A internet tornou essa fronteira ainda mais difícil de enxergar. Um caso que antes ficaria restrito às páginas policiais pode, em poucas horas, ganhar milhares de comentários, vídeos, comunidades e perfis dedicados ao personagem central da história. A repetição constante acaba criando uma espécie de familiaridade. E, quando existe familiaridade, algumas pessoas começam a enxergar o acusado de maneira diferente.

Esse fenômeno não é exatamente novo. Ao longo da história, figuras envolvidas em crimes ou episódios violentos já foram transformadas em personagens populares. No ambiente digital, porém, a velocidade é muito maior. Algoritmos favorecem conteúdos que despertam curiosidade, indignação ou identificação, e isso pode contribuir para transformar acontecimentos sérios em entretenimento.

Outro exemplo citado no debate atual é o caso de Luigi Mangione, que também passou a receber manifestações de admiração por parte de algumas pessoas. A discussão sobre ele ganhou contornos semelhantes: fotografias, comentários sobre aparência e narrativas que tentam transformar uma pessoa acusada de um crime em uma espécie de personagem cultural.

Existe ainda um termo usado para explicar a atração por pessoas envolvidas em crimes: hibristofilia. Embora o conceito seja discutido há bastante tempo, as redes sociais deram novas formas para esse comportamento aparecer.

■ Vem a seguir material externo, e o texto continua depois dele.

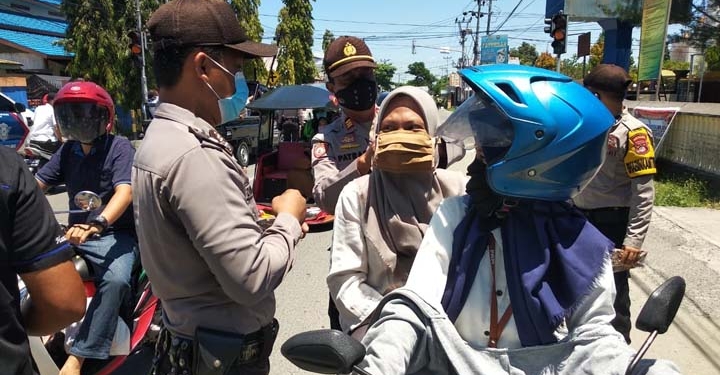 Polsek Kabila Bagikan Masker Gratis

Hoje, a admiração pode surgir em comentários, comunidades virtuais e até campanhas de apoio.

É possível discutir saúde mental, falhas no sistema de atendimento, contexto familiar e responsabilidade individual sem transformar ninguém em herói. Uma sociedade madura precisa conseguir fazer essas duas coisas ao mesmo tempo: buscar respostas para situações complexas e, principalmente, manter respeito pelas vítimas e por suas famílias.

O caso de Lindsay Clancy reacende justamente essa reflexão. A defesa de alguém perante a Justiça faz parte de uma sociedade democrática. A romantização de acontecimentos dolorosos, porém, merece outro tipo de debate.

No fim, talvez a pergunta mais importante seja simples: quando a curiosidade ultrapassa o limite e começa a transformar uma tragédia em espetáculo? Com as redes sociais cada vez mais presentes na vida cotidiana, aprender a reconhecer essa diferença se tornou uma responsabilidade de todos.